[[ Entries provided open ]]

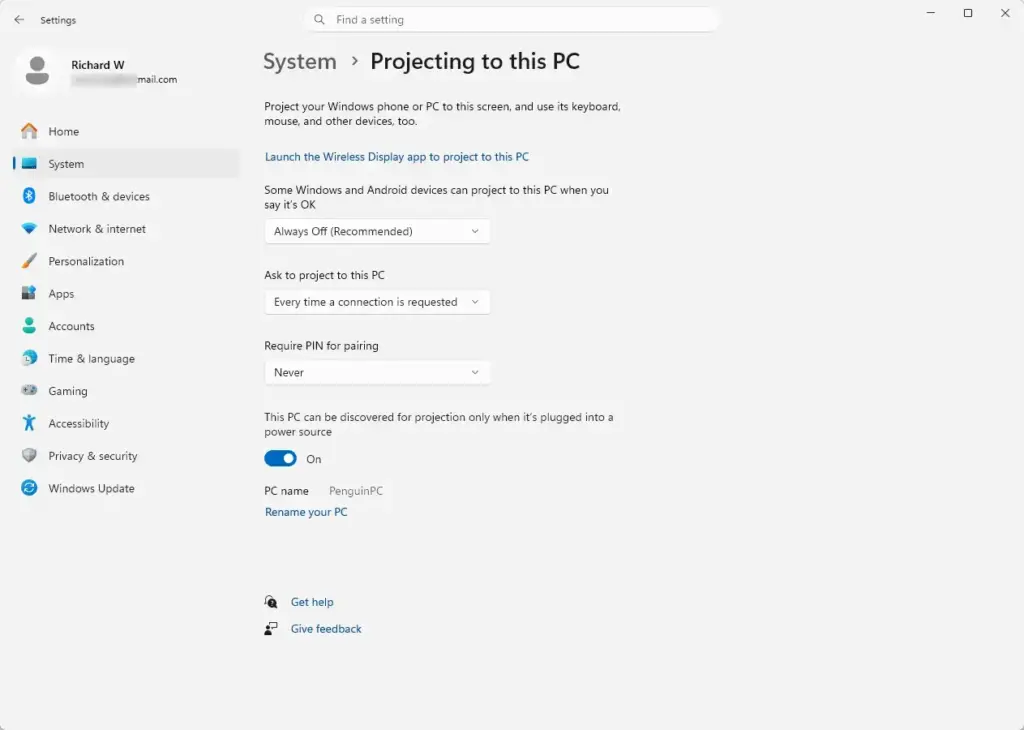 Settings › System › Projecting to this PC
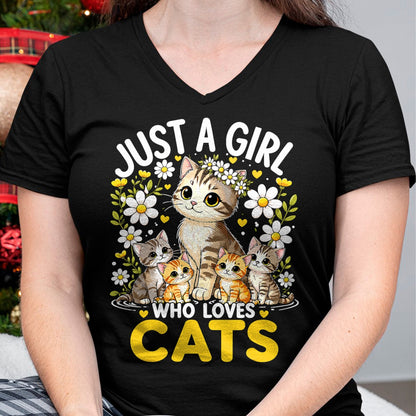 Cat Love Shirt, Funny Cat Lover Gift UnisexT-Shirt/Hoodie/Sweatshirt HLT00 - Cute Cat Lover Just A Girl Who Loves Cats T-Shirt (1)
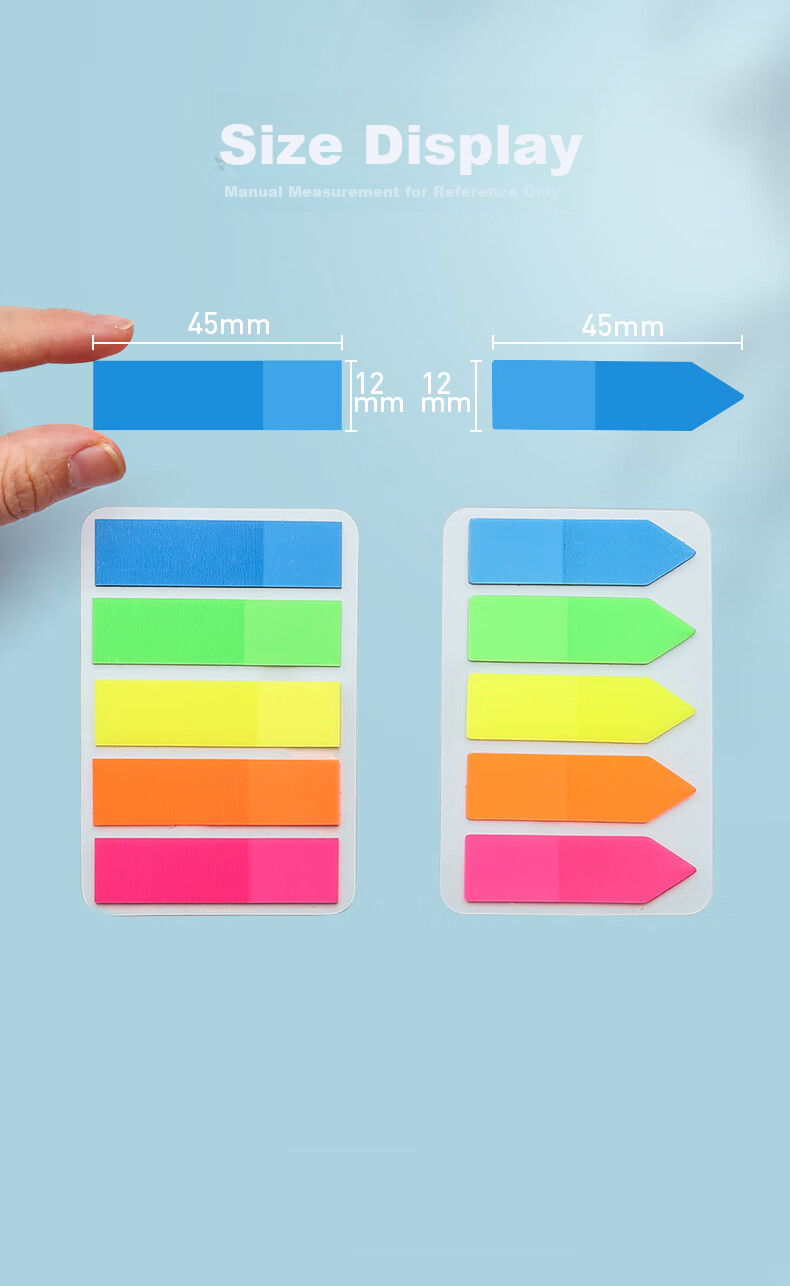 Jinzhi 600 Sheets Arrow-Shaped 5-Color Fluorescent Film Sticky Notes, Memo Pads, Labels, Transparent Waterproof Colored Note Index Strips, Indicator Labels, Bookmarks, 45*12mm 9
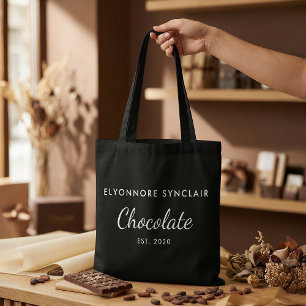 Elegant Black White Custom Chocolate Customer Gift Tote Bag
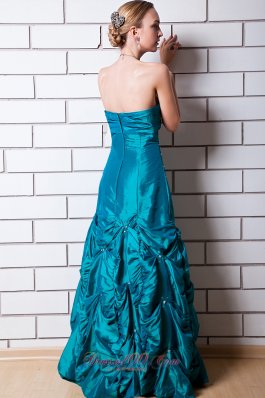 Teal A-line Taffeta Prom Dress Beading And Pick-ups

[[ Entries provided closed ]]

*How to complete this task*: Print the stretch of the data from the line with "Jinzhi 600 Sheets" through its last line, exactly and with both ends kept. Omit pictures.

*Task response*:
 Jinzhi 600 Sheets Arrow-Shaped 5-Color Fluorescent Film Sticky Notes, Memo Pads, Labels, Transparent Waterproof Colored Note Index Strips, Indicator Labels, Bookmarks, 45*12mm 9
 Elegant Black White Custom Chocolate Customer Gift Tote Bag
 Teal A-line Taffeta Prom Dress Beading And Pick-ups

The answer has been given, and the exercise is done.